The study involved people with Type 1 diabetes, the kind usually diagnosed during childhood. About 5 percent of the 26 million Americans with diabetes have this type. Their bodies don't make insulin, a hormone needed to turn food into energy. That causes high blood-sugar levels and raises the risk for heart disease and many other health problems.
Some people with the more common Type 2 diabetes, the kind linked to obesity, also need insulin and might also benefit from a device like an artificial pancreas. For now, though, it's aimed at people with Type 1 diabetes who must inject insulin several times a day or get it through a pump with a narrow tube that goes under the skin. The pump is about the size of a cellphone and can be worn on a belt or kept in a pocket.
The pumps give a steady amount of insulin, and patients must monitor their sugar levels and give themselves more insulin at meals or whenever needed to keep blood sugar from getting too high.
A big danger is having too much insulin in the body overnight, when blood-sugar levels naturally fall. People can go into comas, suffer seizures and even die. Parents of children with diabetes often worry so much about this that they sneak into their bedrooms at night to check their child's blood-sugar monitor.
In the study, all patients had sensors that continuously monitored their blood sugar. Half of them had ordinary insulin pumps and the others had pumps programmed to stop supplying insulin for two hours when blood-sugar fell to a certain threshold.

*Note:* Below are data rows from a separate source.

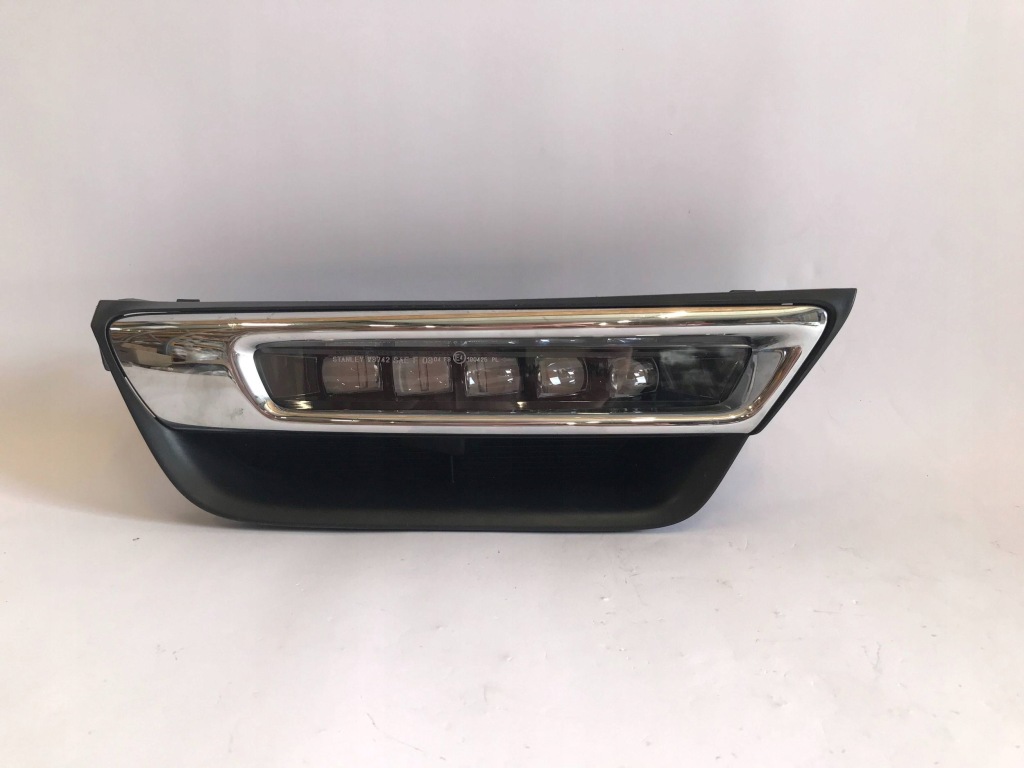 фото №1, Honda crv cr-v 5 18-22 протитуманна фара led drl правий + решітка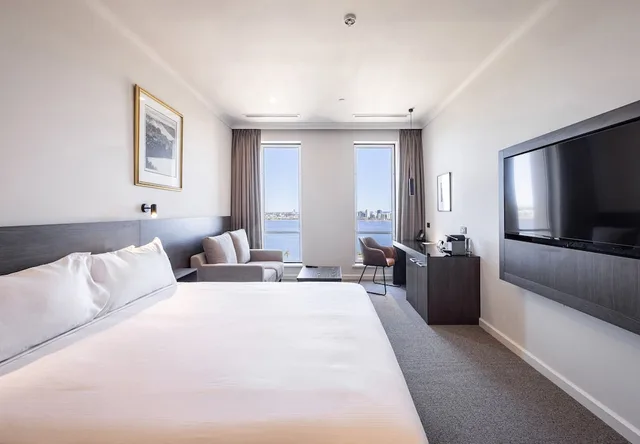 غرفة كلوب جونيور بسرير كينج، Duxton Hotel 1/5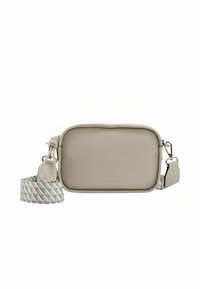 Beige rechthoekige crossbodytas met een glad leren buitenkant, verstelbare patroonriem en zilverkleurige accenten.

Over three months, low-sugar episodes were reduced by about one-third in people using the pump with the shut-off feature. Importantly, these people had no cases of severely low blood sugar — the most dangerous kind that require medical aid or help from another person. There were four cases in the group using the standard pump.
"As a first step, I think we should all be very excited that it works," an independent expert, Dr. Irl Hirsch of the University of Washington in Seattle, said of the programmable pump.

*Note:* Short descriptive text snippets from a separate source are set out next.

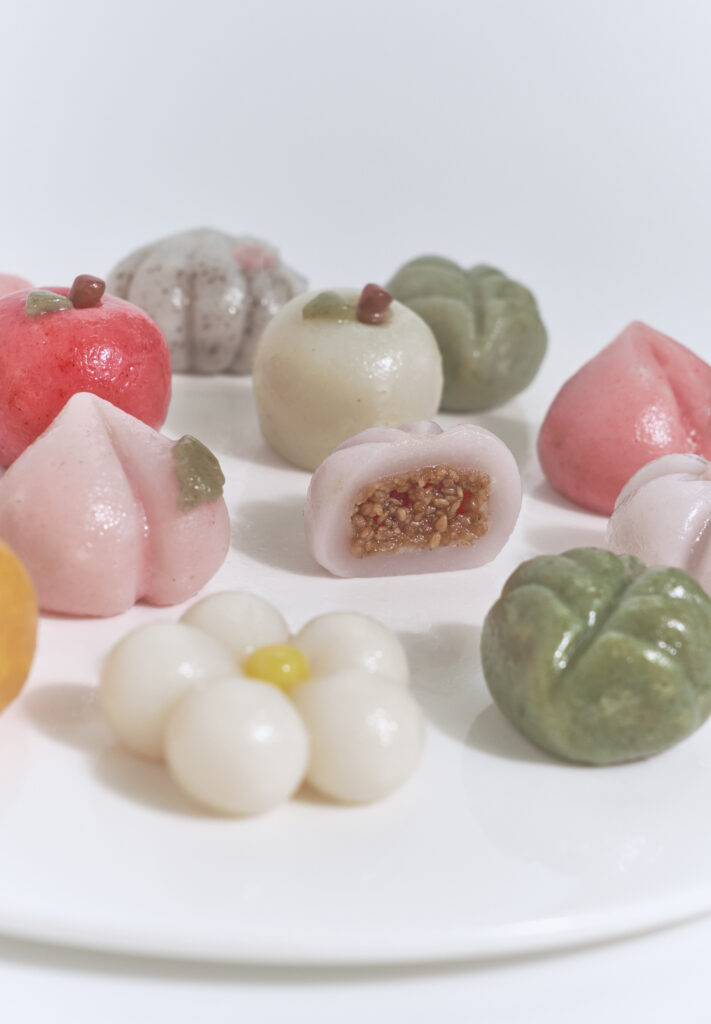 천연가루로 색을 내고 특별한 모양으로 정성껏 빚은 송편 선물세트입니다.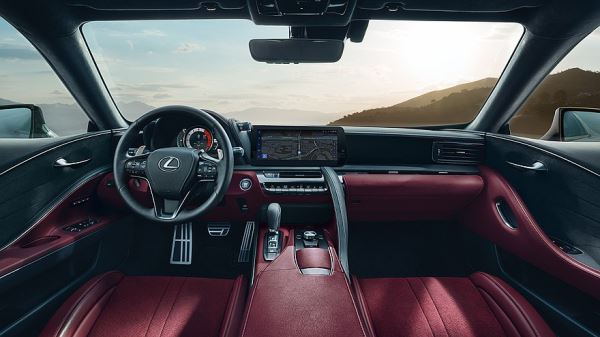 Спорткар Lexus LC получил обновки к 2025 модельному году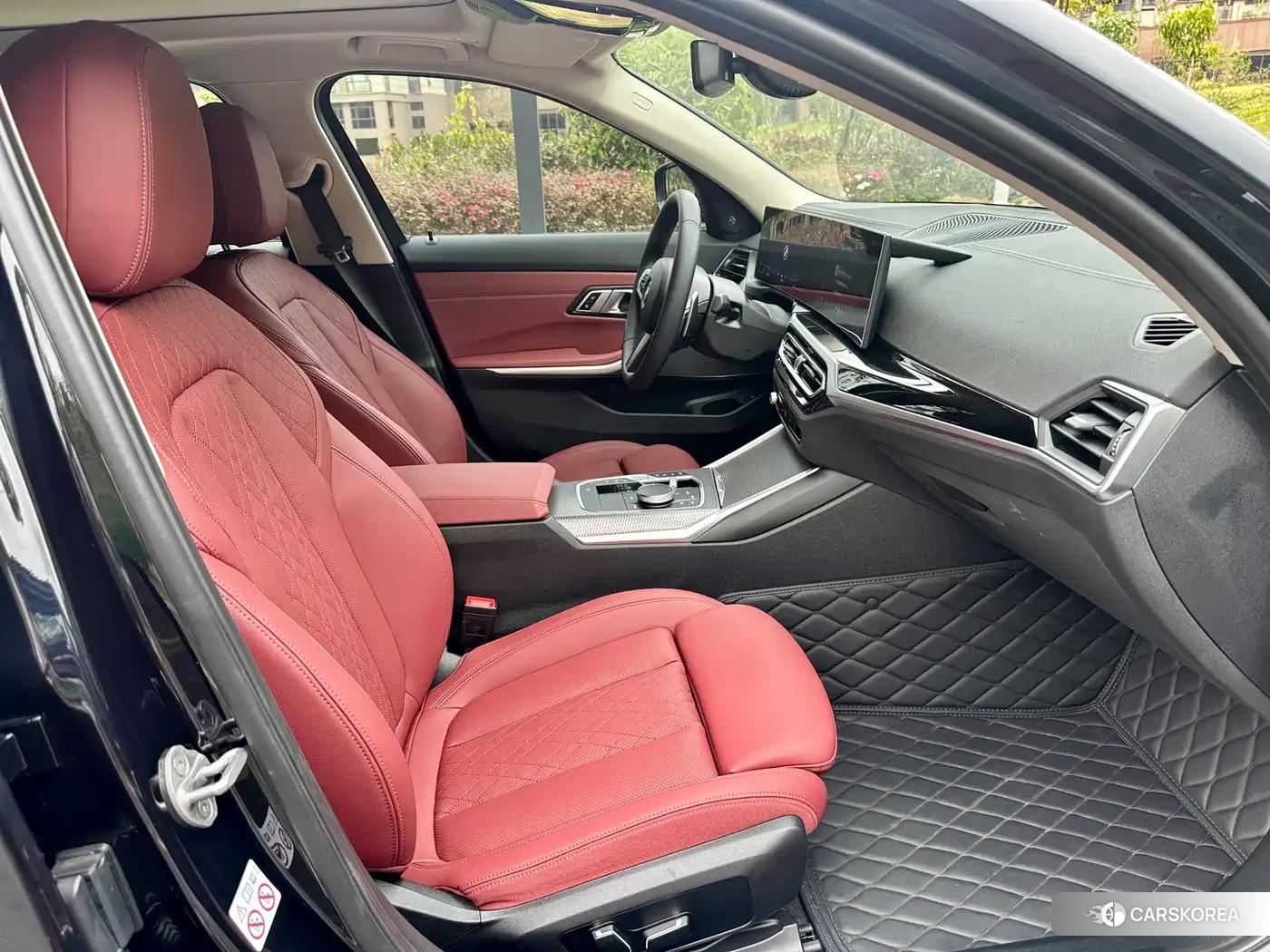 BMW 3 series 2024 Черный из Китая, фото 3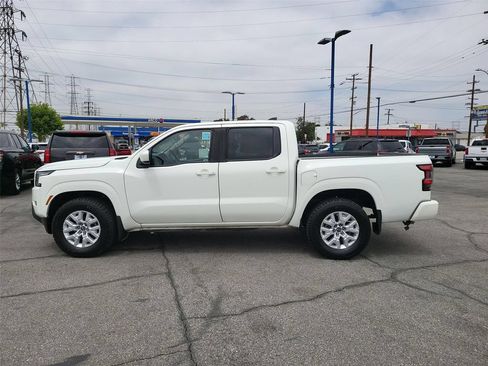 Used 2022 Nissan Frontier SV RWD image 32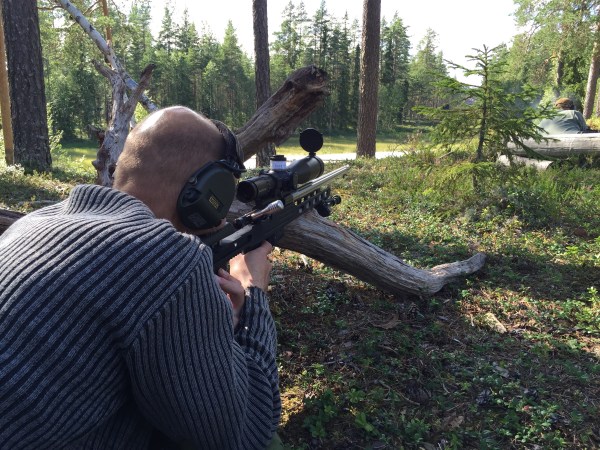 Naturlig skjutställning på en ställning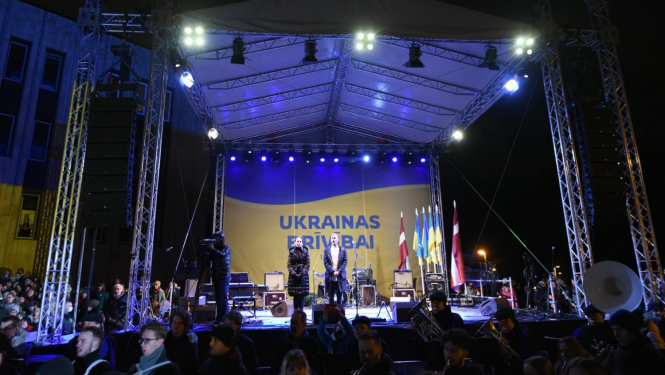 Koncerta skatuve ar mūziķiem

The next step is to test having it turn off sooner, before sugar falls so much, and to have it automatically supply insulin to prevent high blood sugar, too.
Dr. Anne Peters, a diabetes specialist at the University of Southern California, said the study "represents a major step forward" for an artificial pancreas.
One participant, Spears Mallis, 34, a manager for a cancer center in Gainesville, Ga., wishes these devices were available now. He typically gets low-sugar about 8 to 10 times a week, at least once a week while he's asleep.
"I would set an alarm in the middle of the night just to be sure I was OK. That will cause you to not get a good night of rest," he said.
His "smart pump" stopped giving insulin several times during the study when his sugar fell low, and he wasn't always aware of it. That's a well-known problem for people with Type 1 diabetes — over time, "you become less and less sensitive to feeling the low blood sugars" and don't recognize symptoms in time to drink juice or do something else to raise sugar a bit, he said.
Besides Medtronic, Johnson & Johnson and several other research groups are working on artificial pancreas devices.